Now You Have to Build the Chip Too — Vertical Integration Redraws the Stakes

OpenAI taped out Jalapeño, its first inference chip with Broadcom, nine months from design start. After Google’s TPU and Amazon’s Trainium, AI players owning the stack down to silicon is now the pattern. The point for founders isn’t the chip — it’s how few companies can play this game.

What Happened

On June 24, 2026, OpenAI unveiled Jalapeño, its first in-house chip, co-designed with Broadcom. It’s inference-only — the stage where a finished model answers users — while pre-training stays on Nvidia GPUs. The eye-catching part is the speed: nine months from design start to tape-out, which OpenAI calls one of the fastest cycles in the industry for a high-performance ASIC of this class, and it says its own models helped with the design. The part itself is a large, reticle-sized chip. On performance, the company only said early perf-per-watt is “substantially better than current state-of-the-art” and disclosed no hard numbers. Deployment is slated for late 2026 at gigawatt scale with Microsoft and other partners. And this isn’t OpenAI standing alone. Google has run TPUs since 2015; Amazon puts even training on its own Trainium silicon. Big tech that owns the models has been moving one by one into owning the chips, and OpenAI has now joined — late, but emphatically.

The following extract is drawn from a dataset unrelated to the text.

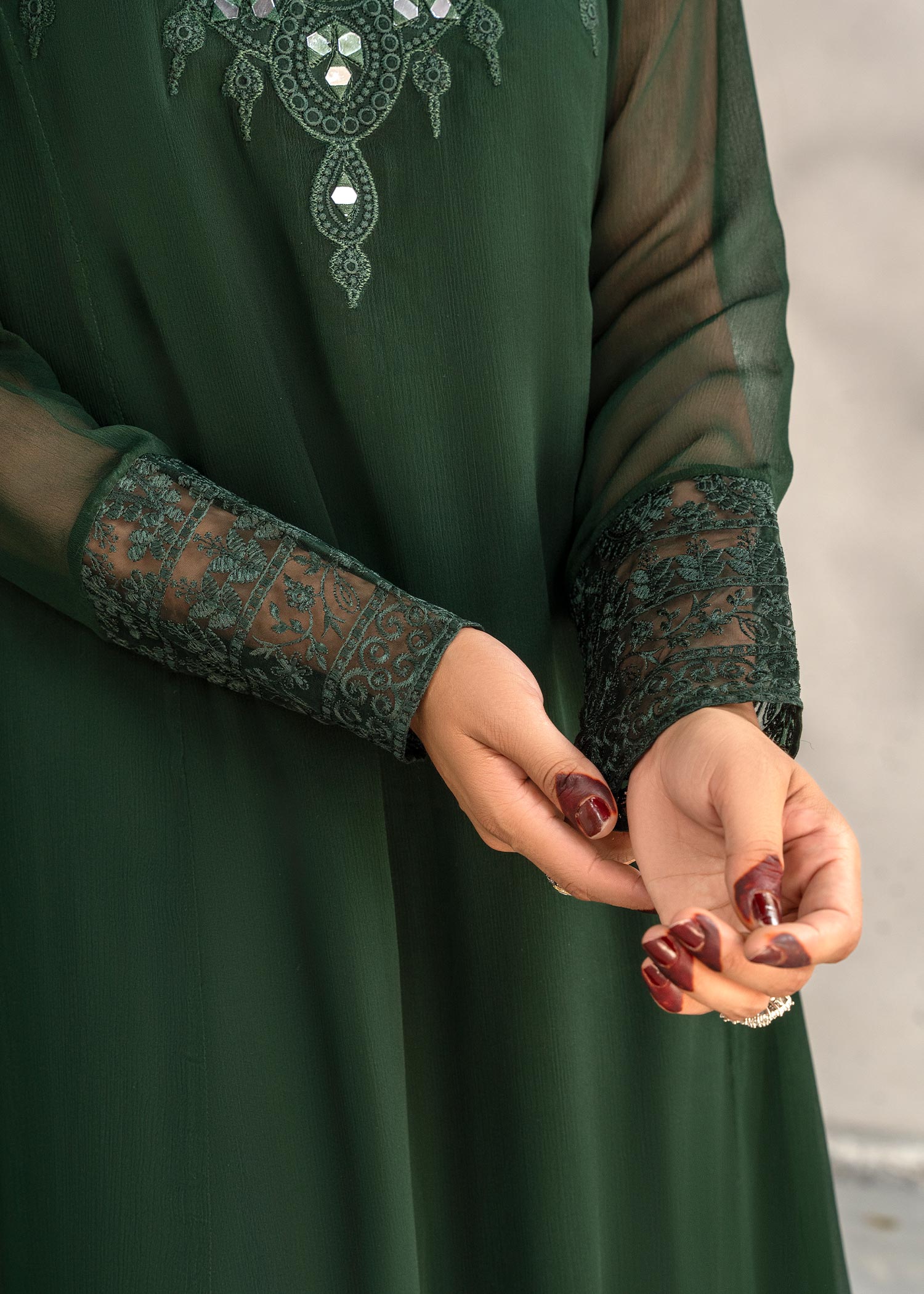 Bottle Green Embellished Chiffon Festive Wear Suit Online in Dubai DXB UAE Abudhabi Meena Bazaar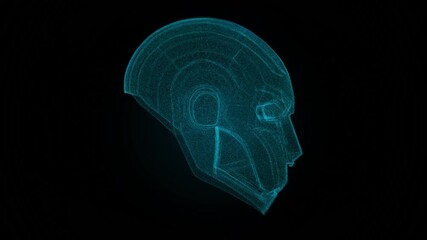 Wall Mural - Futuristic Wireframe Robot Head in Blue Neon Digital Art Perspective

What This Means for Founders

The headline reads “reduces Nvidia dependence,” but the real signal is that the cover charge to sit at the table just dropped another layer deeper. A few years ago an AI company’s moat was a better model. Then it was data and distribution. Now there’s a new line underneath: your own silicon. Your model, the chip that runs it, the data center you plug it into — the number of companies that can stack that full thing is, worldwide, countable on your fingers. With Broadcom and Marvell effectively owning custom-ASIC design and TSMC fabricating all of it, only those who can show up with the capital and the volume get a seat. If perf-per-watt really beats incumbent chips, OpenAI gains room to push inference prices lower, to route its own workloads to its silicon first, or to bind specific models to its hardware. Building on someone else’s full stack means borrowing the whole ladder, and whoever lent it decides when it shakes. This is not abstract for a YC-stage team either. The default playbook — wrap a frontier API, ship fast — assumes the layer beneath you stays neutral. It is getting less neutral. FAANG-scale players integrating down to the wafer is exactly the kind of structural shift that quietly resets unit economics for everyone renting compute on top. Perf-per-watt is undisclosed, so how much inference economics actually move is still unknown. The direction isn’t. The real moat in AI is migrating from the application layer down to the silicon layer, and the guest list for that layer keeps getting shorter.

What You Can Do Now

First, be honest about which layer you’re fighting on. Chips and full-stack integration are a capital game, and a founder won’t win it. Don’t try to enter — claim the spot above it that the platforms won’t bother to occupy. Second, don’t funnel all your inference through one provider. With OpenAI integrating down to the chip, a product tied to a single model is exposed to that provider’s pricing and policy swings; one abstraction layer that lets you route a task to another model is cheap insurance. Third, build your moat on assets you control, not on the model or the chip. Your data, integrations wired into a workflow, depth in a specific industry, language, or regulatory regime — none of that moves when someone halves the price of silicon. Fourth, don’t read the integration wave as threat only. The more everyone descends into the substrate, the more the narrow, deep application niches sit empty. The gigawatt infrastructure they’re pouring is, to whoever knows what to sell on top of it, just a cheaper raw material.